I did create a Blast database using the TREMBL fasta file from Uniprot.
Inside my database (I used the -parse_seqids
option):
(Thanks to the command : blast/bin/blastdbcmd -db my_blastdb -dbtype prot -entry 'G3S368'
)
>tr|G3S368|G3S368_GORGO Uncharacterized protein OS=Gorilla gorilla gorilla GN=CTLA4 PE=4 SV=1
RYSVGDNDSNNVSIIDTSTNSVVGTVNVGLSTYNVAFTPDGKKIYATNSRNNTTSVIDVTTNKVTATVPTGDHPTDIAVS
PDGNKVYITNTGSNDLSVIDVTTNKVTATVPVGDGPCGVAVTLDGKKAYVPNKRSNTVSVINATTNTVTATVPVGITPLG
VAVTPDGNKVYVTNAESGNVSVIDTATNKVTATVNTGKYYMNYPVEVVIVPFMDSNMTDQSIGATSNAT
On the uniprot website:
>tr|G3S368|G3S368_GORGO Uncharacterized protein OS=Gorilla gorilla gorilla GN=CTLA4 PE=4 SV=1
MACLGFQRHKAQLNLATRTWPCTLLFFLLFIPVFCKAMHVAQPAVVLASSRGIASFVCEY
ASPGKATEVRVTVLRQADSQVTEVCAATYMMGNELTFLDDSICTGTSSGNQVNLTIQGLR
AMDTGLYICKVELMYPPPYYLGIGNGTQIYVIDPEPCPDSDFLLAFWVFFVKLSQSLFLL
SSIQVGTQYVLSSIMLKKRSPLTTGVYVKMPPTEPECEKQFQPYFIPIN
Any idea ? I think this is not the only record with that issue.
I did check and the sequence in the FASTA file is the good one.
Update
I've created the database a second time. Seems I have not run into the same issue.
The sequence is the same in the database and in the original FASTA file.
This time, I didn't use the following option: -max_file_sz 5GB
Is it possible this option was the reason of the encountered issue?

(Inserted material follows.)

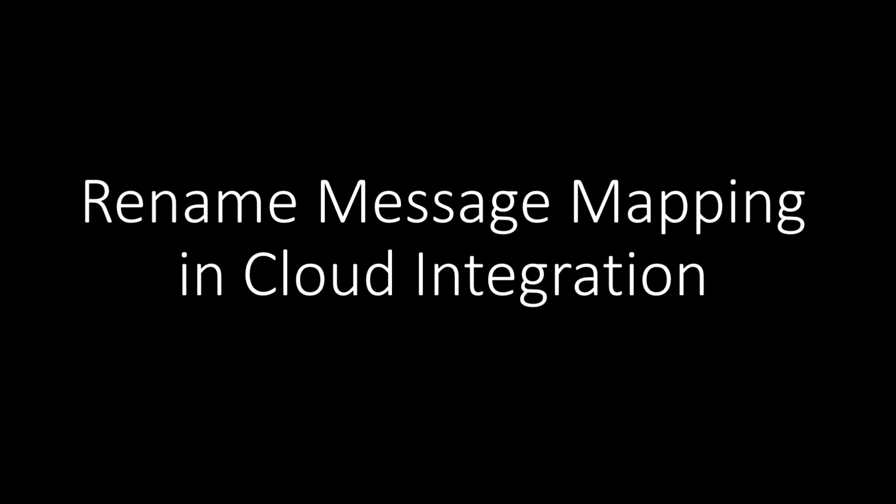Hi, this video is about renaming message mapping in cloud integration.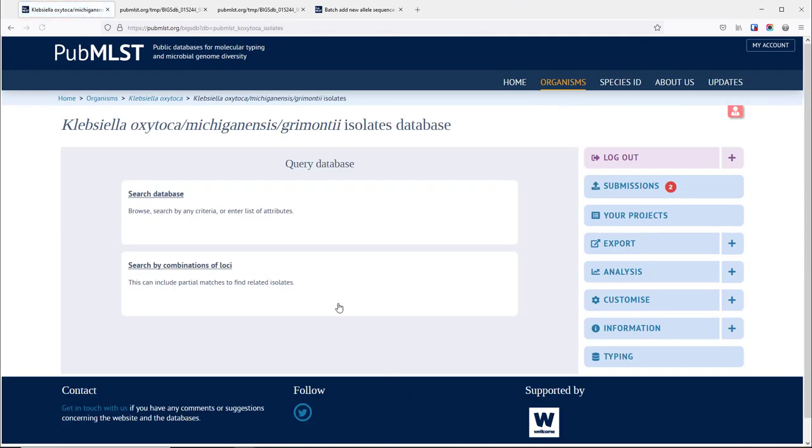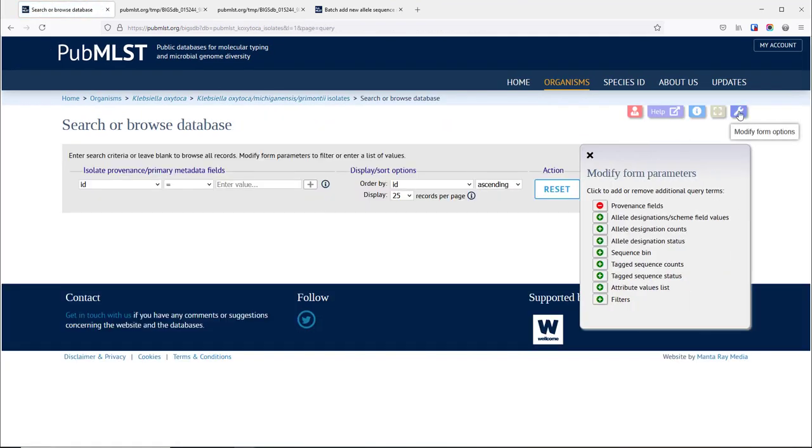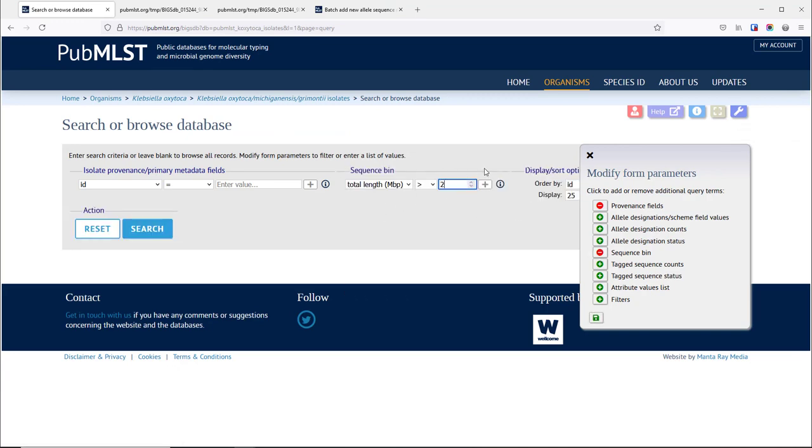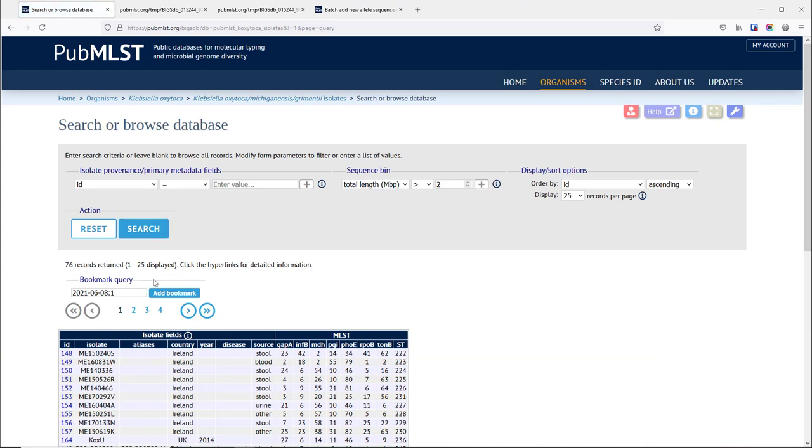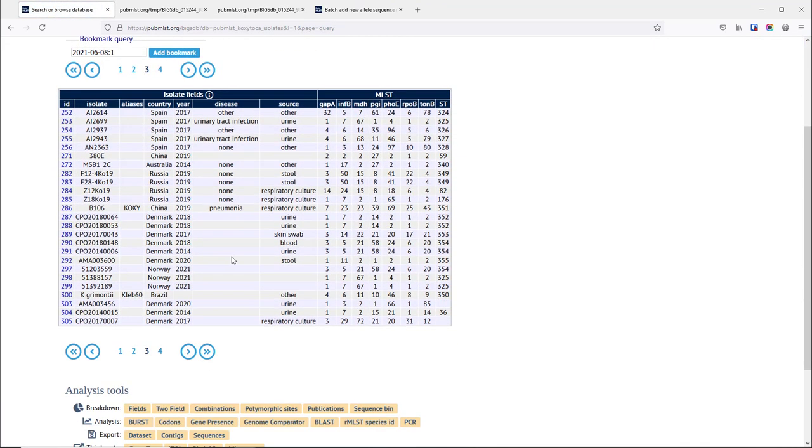Now if we go back and do a query to look at those isolates again within the database, repeat the query, and when we look at those records you will see now that those alleles have been filled in in the table and the only thing that's left to do now is to assign the new sequence type for that newly defined allelic profile.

I don't quite get what are you pointing out as being the underlying problem. The fact that id's don't match? The fact that sequences are not the same? And how exactly is this a makeblastdb issue ?
mxs
The sequences are different but it's the same protein. Why do I have this sequence in the database and not the same as uniprot ? Is it an error during makeblastdb ? I've checked the file and I've found the record uniprot has. I wonder if it's possible that there are the two sequences with the same header in the fasta file.
It seems that's not the case. The FASTA file contains only one sequence for this identifier.
Can you locate the G3S368 in your downloaded TREMBL database? Though it is possible that during the makeblastdb something went wrong this is highly UNLIKELY. so my guess is that some kind of a mix up might have happened on a web <-> trembl-dmp relation, given that you did not yourself do some pre-processing of the downloaded data.
In the FASTA file downloaded from Uniprot, I've found the following entry:
(~ line 90585230)
You're right I didn't do anything to the downloaded data. But the FASTA file is structured so that I'm able to get hit_id, hit_def and sequence. I am not able to figure out what went wrong.